Start of Block
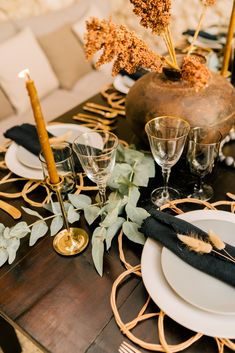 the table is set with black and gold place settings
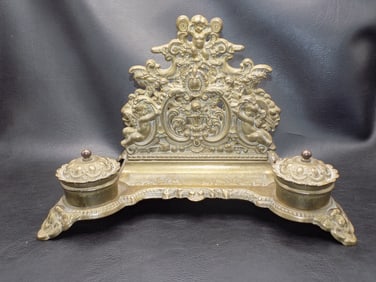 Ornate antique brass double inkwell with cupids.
End of Block
Start of Block
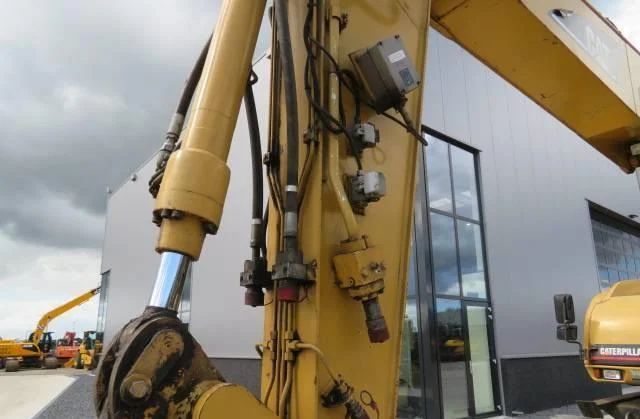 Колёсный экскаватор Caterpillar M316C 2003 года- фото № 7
End of Block
Start of Block
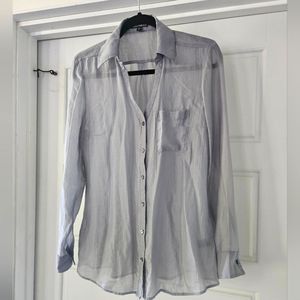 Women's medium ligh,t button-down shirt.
End of Block
### WHAT NEEDS TO BE DONE
In the listing above, find the line with "the table is" and the line with "Ornate antique brass". Set down both and every line between them, minus the pictures.

### ANSWER BELOW
 the table is set with black and gold place settings
 Ornate antique brass double inkwell with cupids.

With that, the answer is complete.